High-carbon avoidance: During the high-emission period of 18:00–20:00, the NCP rises sharply. Flexible loads actively reduce consumption or suspend charging to avoid high-carbon periods, thereby achieving a “load-following-carbon” response behavior.
It is worth noting that the load response shown in Figure 4 is determined by the global optimization of costs and physical constraints, rather than fixed elasticity coefficients. This mechanism captures the dynamic sensitivity of flexible loads to NCP signals while ensuring operational feasibility.

5.3.3. Impact of Transmission Corridor Constraints on Power–Energy Balance

In response to the transmission capacity limitations between the regional zones discussed in this paper, this section investigates the impact of corridor constraints on system balancing performance. The analysis focuses on the key transmission interface connecting Zone 1 and Zone 2.
As shown in Figure 5, in the unconstrained transmission case—where the thermal stability limits of the interface are ignored—excess wind generation from Zone 1 is transmitted in large quantities to Zone 2. Although this results in the lowest overall system carbon emissions, power flow calculations indicate that the interface exceeds its limit by 25% during Period 14, posing a significant security risk. After incorporating the transmission corridor constraint, the proposed model automatically adjusts its operational strategy.
Export limitation: During Period 14, the transmitted power from Zone 1 to Zone 2 is restricted within the secure operating boundary.
Source-side adjustment: A small amount of wind curtailment occurs in Zone 1 due to the export limitation.
Load-side response: The low carbon potential strongly stimulates flexible loads within Zone 1, leading to a substantial increase in local consumption. This shifts the system behavior from “source following load” to “load following source,” enabling maximum in-region utilization of clean energy while ensuring interface security.
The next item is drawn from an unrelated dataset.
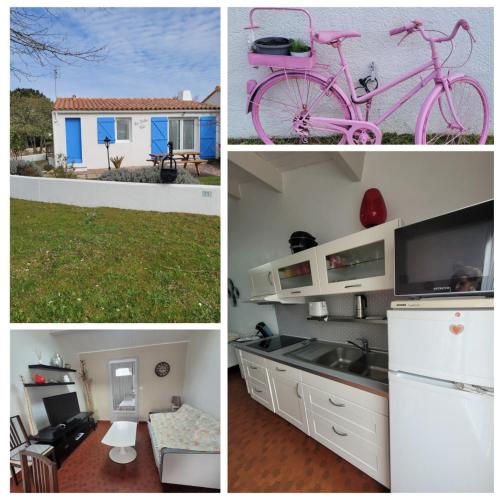 un vélo rose dans une cuisine et une maison dans l'établissement Dolce Vita, à Notre-Dame-de-Monts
5.3.4. Comparative Analysis and Statistical Evaluation of Integrated Indicators

To quantitatively assess the comprehensive benefits of the proposed method in long-term system operation, the system performance under the three scenarios is evaluated. Table 4 presents a comparative analysis of economic efficiency, carbon reduction performance, renewable energy utilization, and operational flexibility across the three scenarios. Specifically, the total system operating cost is composed of four components: generation-side physical costs, net carbon trading costs, penalties for load shedding or wind curtailment, and demand-side response compensation costs.
The results can be summarized as follows:
Breakthrough in renewable energy utilization: By incorporating energy storage and DR, Scenario 3 increases wind power utilization from 82.5% in Scenario 1 to 100%, fully eliminating wind curtailment in Zone 1.
Economic–environmental co-benefits: Although Scenario 3 introduces additional storage losses and compensation costs for flexible loads, it completely avoids expensive wind-curtailment penalties and substantially reduces thermal fuel consumption during peak periods. As a result, the total system operating cost becomes the lowest among all scenarios, while total carbon emissions decrease by 22.34% compared with Scenario 1.
Value of flexibility resources: A comparison between Scenarios 2 and 3 shows that relying solely on supply-side adjustments has inherent limits. Only by integrating energy storage and flexible loads—thereby breaking the rigid supply–demand structure—can the system achieve optimal operation under high renewable penetration.
Overall, the proposed method effectively guides load shifting toward low-carbon periods and low-carbon nodes. As verified by the comparative results in Table 4, the proposed mechanism successfully breaks the rigid supply–demand constraints of traditional modes (Scenarios 1 and 2), which not only mitigates local transmission congestion and reduces wind curtailment but also significantly enhances the system’s low-carbon economic performance.
To intuitively reflect the impact of the proposed mechanism on the transmission interface, the transmission power of the key cross-section (Zone 1–2) under the three scenarios is compared in Table 5. The thermal stability limit of the section is set to 60 MW. In Scenario 1 and Scenario 2, due to the lack of demand-side flexibility, the transmission channel remains saturated (hitting the upper limit) for extended periods during the night (01:00–06:00), leading to wind curtailment as excess generation cannot be exported or consumed locally. In contrast, Scenario 3, while also maintaining high transmission levels to maximize renewable export, dynamically adjusts the flow during peak load periods (e.g., 19:00–21:00) and coordinates with local flexible loads to absorb excess wind power locally, thereby strictly adhering to security constraints while optimizing the overall energy balance.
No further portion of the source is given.